RECORDED DATA
/---

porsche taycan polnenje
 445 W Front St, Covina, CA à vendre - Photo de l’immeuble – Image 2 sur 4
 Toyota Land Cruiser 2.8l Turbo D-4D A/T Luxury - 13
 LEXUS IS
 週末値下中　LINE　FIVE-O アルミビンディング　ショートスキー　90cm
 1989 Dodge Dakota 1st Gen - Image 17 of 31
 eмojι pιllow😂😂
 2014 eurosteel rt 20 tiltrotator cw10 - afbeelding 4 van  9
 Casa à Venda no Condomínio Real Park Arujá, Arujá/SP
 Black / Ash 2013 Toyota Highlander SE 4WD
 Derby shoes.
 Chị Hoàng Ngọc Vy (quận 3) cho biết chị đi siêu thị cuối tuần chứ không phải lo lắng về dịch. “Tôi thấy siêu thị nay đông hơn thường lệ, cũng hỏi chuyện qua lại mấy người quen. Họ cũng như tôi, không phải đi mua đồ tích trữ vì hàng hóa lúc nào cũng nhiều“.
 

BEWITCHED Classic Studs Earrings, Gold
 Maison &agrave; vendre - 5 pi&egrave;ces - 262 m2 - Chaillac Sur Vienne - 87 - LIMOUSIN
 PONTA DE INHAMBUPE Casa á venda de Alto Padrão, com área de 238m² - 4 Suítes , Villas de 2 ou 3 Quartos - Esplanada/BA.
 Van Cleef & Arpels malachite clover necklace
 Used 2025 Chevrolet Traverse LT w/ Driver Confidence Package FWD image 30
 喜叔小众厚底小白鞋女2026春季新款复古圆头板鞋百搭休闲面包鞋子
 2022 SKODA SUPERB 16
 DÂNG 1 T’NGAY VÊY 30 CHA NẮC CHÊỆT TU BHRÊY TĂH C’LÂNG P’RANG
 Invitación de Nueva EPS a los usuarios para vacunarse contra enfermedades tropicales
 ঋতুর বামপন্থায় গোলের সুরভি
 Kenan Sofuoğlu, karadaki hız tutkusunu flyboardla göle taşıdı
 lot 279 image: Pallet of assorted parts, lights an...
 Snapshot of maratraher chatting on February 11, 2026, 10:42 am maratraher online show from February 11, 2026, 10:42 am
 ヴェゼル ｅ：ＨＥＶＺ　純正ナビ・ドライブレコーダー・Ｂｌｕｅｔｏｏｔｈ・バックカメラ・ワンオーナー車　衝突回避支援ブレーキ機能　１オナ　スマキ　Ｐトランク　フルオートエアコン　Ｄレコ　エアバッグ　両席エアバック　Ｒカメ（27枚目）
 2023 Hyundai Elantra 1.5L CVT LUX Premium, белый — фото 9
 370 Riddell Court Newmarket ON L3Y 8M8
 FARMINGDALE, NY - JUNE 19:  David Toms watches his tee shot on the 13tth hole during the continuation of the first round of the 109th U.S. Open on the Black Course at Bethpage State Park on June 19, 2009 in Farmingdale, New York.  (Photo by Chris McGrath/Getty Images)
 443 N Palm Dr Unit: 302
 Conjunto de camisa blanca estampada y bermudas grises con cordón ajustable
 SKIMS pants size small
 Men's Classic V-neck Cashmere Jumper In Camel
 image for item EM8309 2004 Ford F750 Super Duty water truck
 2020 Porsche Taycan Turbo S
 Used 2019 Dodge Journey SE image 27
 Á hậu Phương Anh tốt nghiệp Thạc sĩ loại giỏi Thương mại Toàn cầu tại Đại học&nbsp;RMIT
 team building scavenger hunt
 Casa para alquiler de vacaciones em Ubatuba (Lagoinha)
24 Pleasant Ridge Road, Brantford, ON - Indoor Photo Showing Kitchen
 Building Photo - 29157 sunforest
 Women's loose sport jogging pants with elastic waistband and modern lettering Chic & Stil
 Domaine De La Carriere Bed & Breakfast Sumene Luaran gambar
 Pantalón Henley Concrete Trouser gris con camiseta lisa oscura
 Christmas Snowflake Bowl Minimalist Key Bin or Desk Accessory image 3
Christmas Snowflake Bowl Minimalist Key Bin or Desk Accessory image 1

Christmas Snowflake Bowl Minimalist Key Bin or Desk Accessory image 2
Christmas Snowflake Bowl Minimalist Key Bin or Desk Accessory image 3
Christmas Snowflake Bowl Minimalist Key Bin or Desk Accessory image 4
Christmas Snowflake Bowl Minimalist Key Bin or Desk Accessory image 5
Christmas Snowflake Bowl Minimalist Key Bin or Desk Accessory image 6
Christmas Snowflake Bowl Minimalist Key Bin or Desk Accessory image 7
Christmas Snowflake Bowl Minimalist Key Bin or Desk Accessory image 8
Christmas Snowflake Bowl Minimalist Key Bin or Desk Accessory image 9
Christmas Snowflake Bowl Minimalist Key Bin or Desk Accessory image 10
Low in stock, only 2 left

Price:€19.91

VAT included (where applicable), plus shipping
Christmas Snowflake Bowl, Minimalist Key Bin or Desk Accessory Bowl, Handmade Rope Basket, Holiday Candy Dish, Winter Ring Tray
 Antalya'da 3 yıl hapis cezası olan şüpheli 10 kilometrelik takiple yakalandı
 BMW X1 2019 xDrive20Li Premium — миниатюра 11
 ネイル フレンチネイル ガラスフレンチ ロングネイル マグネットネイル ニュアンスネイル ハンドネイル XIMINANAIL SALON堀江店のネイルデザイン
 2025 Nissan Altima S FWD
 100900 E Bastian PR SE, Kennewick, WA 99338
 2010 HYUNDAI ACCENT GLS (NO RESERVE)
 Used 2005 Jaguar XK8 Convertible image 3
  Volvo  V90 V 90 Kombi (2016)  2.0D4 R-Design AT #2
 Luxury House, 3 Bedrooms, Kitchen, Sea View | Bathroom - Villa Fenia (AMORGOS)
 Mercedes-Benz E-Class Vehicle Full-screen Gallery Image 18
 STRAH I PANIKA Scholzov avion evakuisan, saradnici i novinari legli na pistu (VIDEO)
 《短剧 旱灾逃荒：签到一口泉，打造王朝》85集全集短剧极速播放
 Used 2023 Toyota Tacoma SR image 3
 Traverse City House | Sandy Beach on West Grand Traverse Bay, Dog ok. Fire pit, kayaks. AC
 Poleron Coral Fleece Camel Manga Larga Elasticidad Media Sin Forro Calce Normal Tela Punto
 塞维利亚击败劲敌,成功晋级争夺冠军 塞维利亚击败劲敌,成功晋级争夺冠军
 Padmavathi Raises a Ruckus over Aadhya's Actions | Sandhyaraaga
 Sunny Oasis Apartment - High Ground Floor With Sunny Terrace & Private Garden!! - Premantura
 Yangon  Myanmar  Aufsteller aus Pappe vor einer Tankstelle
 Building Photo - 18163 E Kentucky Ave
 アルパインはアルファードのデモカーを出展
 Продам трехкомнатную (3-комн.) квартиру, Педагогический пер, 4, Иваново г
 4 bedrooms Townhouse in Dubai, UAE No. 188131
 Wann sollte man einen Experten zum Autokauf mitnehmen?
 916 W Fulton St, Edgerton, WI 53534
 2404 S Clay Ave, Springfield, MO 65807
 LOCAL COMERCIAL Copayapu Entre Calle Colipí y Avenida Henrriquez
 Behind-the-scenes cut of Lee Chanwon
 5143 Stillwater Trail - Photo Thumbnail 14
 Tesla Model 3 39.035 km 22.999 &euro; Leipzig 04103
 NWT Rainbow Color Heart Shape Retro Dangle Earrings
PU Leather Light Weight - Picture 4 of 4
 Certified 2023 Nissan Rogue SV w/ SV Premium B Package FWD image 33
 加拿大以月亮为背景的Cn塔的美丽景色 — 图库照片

\---

Each record above should be retyped in full, exactly as shown.

OUTPUT OF THE EXERCISE
porsche taycan polnenje
 445 W Front St, Covina, CA à vendre - Photo de l’immeuble – Image 2 sur 4
 Toyota Land Cruiser 2.8l Turbo D-4D A/T Luxury - 13
 LEXUS IS
 週末値下中　LINE　FIVE-O アルミビンディング　ショートスキー　90cm
 1989 Dodge Dakota 1st Gen - Image 17 of 31
 eмojι pιllow😂😂
 2014 eurosteel rt 20 tiltrotator cw10 - afbeelding 4 van  9
 Casa à Venda no Condomínio Real Park Arujá, Arujá/SP
 Black / Ash 2013 Toyota Highlander SE 4WD
 Derby shoes.
 Chị Hoàng Ngọc Vy (quận 3) cho biết chị đi siêu thị cuối tuần chứ không phải lo lắng về dịch. “Tôi thấy siêu thị nay đông hơn thường lệ, cũng hỏi chuyện qua lại mấy người quen. Họ cũng như tôi, không phải đi mua đồ tích trữ vì hàng hóa lúc nào cũng nhiều“.
 

BEWITCHED Classic Studs Earrings, Gold
 Maison &agrave; vendre - 5 pi&egrave;ces - 262 m2 - Chaillac Sur Vienne - 87 - LIMOUSIN
 PONTA DE INHAMBUPE Casa á venda de Alto Padrão, com área de 238m² - 4 Suítes , Villas de 2 ou 3 Quartos - Esplanada/BA.
 Van Cleef & Arpels malachite clover necklace
 Used 2025 Chevrolet Traverse LT w/ Driver Confidence Package FWD image 30
 喜叔小众厚底小白鞋女2026春季新款复古圆头板鞋百搭休闲面包鞋子
 2022 SKODA SUPERB 16
 DÂNG 1 T’NGAY VÊY 30 CHA NẮC CHÊỆT TU BHRÊY TĂH C’LÂNG P’RANG
 Invitación de Nueva EPS a los usuarios para vacunarse contra enfermedades tropicales
 ঋতুর বামপন্থায় গোলের সুরভি
 Kenan Sofuoğlu, karadaki hız tutkusunu flyboardla göle taşıdı
 lot 279 image: Pallet of assorted parts, lights an...
 Snapshot of maratraher chatting on February 11, 2026, 10:42 am maratraher online show from February 11, 2026, 10:42 am
 ヴェゼル ｅ：ＨＥＶＺ　純正ナビ・ドライブレコーダー・Ｂｌｕｅｔｏｏｔｈ・バックカメラ・ワンオーナー車　衝突回避支援ブレーキ機能　１オナ　スマキ　Ｐトランク　フルオートエアコン　Ｄレコ　エアバッグ　両席エアバック　Ｒカメ（27枚目）
 2023 Hyundai Elantra 1.5L CVT LUX Premium, белый — фото 9
 370 Riddell Court Newmarket ON L3Y 8M8
 FARMINGDALE, NY - JUNE 19:  David Toms watches his tee shot on the 13tth hole during the continuation of the first round of the 109th U.S. Open on the Black Course at Bethpage State Park on June 19, 2009 in Farmingdale, New York.  (Photo by Chris McGrath/Getty Images)
 443 N Palm Dr Unit: 302
 Conjunto de camisa blanca estampada y bermudas grises con cordón ajustable
 SKIMS pants size small
 Men's Classic V-neck Cashmere Jumper In Camel
 image for item EM8309 2004 Ford F750 Super Duty water truck
 2020 Porsche Taycan Turbo S
 Used 2019 Dodge Journey SE image 27
 Á hậu Phương Anh tốt nghiệp Thạc sĩ loại giỏi Thương mại Toàn cầu tại Đại học&nbsp;RMIT
 team building scavenger hunt
 Casa para alquiler de vacaciones em Ubatuba (Lagoinha)
24 Pleasant Ridge Road, Brantford, ON - Indoor Photo Showing Kitchen
 Building Photo - 29157 sunforest
 Women's loose sport jogging pants with elastic waistband and modern lettering Chic & Stil
 Domaine De La Carriere Bed & Breakfast Sumene Luaran gambar
 Pantalón Henley Concrete Trouser gris con camiseta lisa oscura
 Christmas Snowflake Bowl Minimalist Key Bin or Desk Accessory image 3
Christmas Snowflake Bowl Minimalist Key Bin or Desk Accessory image 1

Christmas Snowflake Bowl Minimalist Key Bin or Desk Accessory image 2
Christmas Snowflake Bowl Minimalist Key Bin or Desk Accessory image 3
Christmas Snowflake Bowl Minimalist Key Bin or Desk Accessory image 4
Christmas Snowflake Bowl Minimalist Key Bin or Desk Accessory image 5
Christmas Snowflake Bowl Minimalist Key Bin or Desk Accessory image 6
Christmas Snowflake Bowl Minimalist Key Bin or Desk Accessory image 7
Christmas Snowflake Bowl Minimalist Key Bin or Desk Accessory image 8
Christmas Snowflake Bowl Minimalist Key Bin or Desk Accessory image 9
Christmas Snowflake Bowl Minimalist Key Bin or Desk Accessory image 10
Low in stock, only 2 left

Price:€19.91

VAT included (where applicable), plus shipping
Christmas Snowflake Bowl, Minimalist Key Bin or Desk Accessory Bowl, Handmade Rope Basket, Holiday Candy Dish, Winter Ring Tray
 Antalya'da 3 yıl hapis cezası olan şüpheli 10 kilometrelik takiple yakalandı
 BMW X1 2019 xDrive20Li Premium — миниатюра 11
 ネイル フレンチネイル ガラスフレンチ ロングネイル マグネットネイル ニュアンスネイル ハンドネイル XIMINANAIL SALON堀江店のネイルデザイン
 2025 Nissan Altima S FWD
 100900 E Bastian PR SE, Kennewick, WA 99338
 2010 HYUNDAI ACCENT GLS (NO RESERVE)
 Used 2005 Jaguar XK8 Convertible image 3
  Volvo  V90 V 90 Kombi (2016)  2.0D4 R-Design AT #2
 Luxury House, 3 Bedrooms, Kitchen, Sea View | Bathroom - Villa Fenia (AMORGOS)
 Mercedes-Benz E-Class Vehicle Full-screen Gallery Image 18
 STRAH I PANIKA Scholzov avion evakuisan, saradnici i novinari legli na pistu (VIDEO)
 《短剧 旱灾逃荒：签到一口泉，打造王朝》85集全集短剧极速播放
 Used 2023 Toyota Tacoma SR image 3
 Traverse City House | Sandy Beach on West Grand Traverse Bay, Dog ok. Fire pit, kayaks. AC
 Poleron Coral Fleece Camel Manga Larga Elasticidad Media Sin Forro Calce Normal Tela Punto
 塞维利亚击败劲敌,成功晋级争夺冠军 塞维利亚击败劲敌,成功晋级争夺冠军
 Padmavathi Raises a Ruckus over Aadhya's Actions | Sandhyaraaga
 Sunny Oasis Apartment - High Ground Floor With Sunny Terrace & Private Garden!! - Premantura
 Yangon  Myanmar  Aufsteller aus Pappe vor einer Tankstelle
 Building Photo - 18163 E Kentucky Ave
 アルパインはアルファードのデモカーを出展
 Продам трехкомнатную (3-комн.) квартиру, Педагогический пер, 4, Иваново г
 4 bedrooms Townhouse in Dubai, UAE No. 188131
 Wann sollte man einen Experten zum Autokauf mitnehmen?
 916 W Fulton St, Edgerton, WI 53534
 2404 S Clay Ave, Springfield, MO 65807
 LOCAL COMERCIAL Copayapu Entre Calle Colipí y Avenida Henrriquez
 Behind-the-scenes cut of Lee Chanwon
 5143 Stillwater Trail - Photo Thumbnail 14
 Tesla Model 3 39.035 km 22.999 &euro; Leipzig 04103
 NWT Rainbow Color Heart Shape Retro Dangle Earrings
PU Leather Light Weight - Picture 4 of 4
 Certified 2023 Nissan Rogue SV w/ SV Premium B Package FWD image 33
 加拿大以月亮为背景的Cn塔的美丽景色 — 图库照片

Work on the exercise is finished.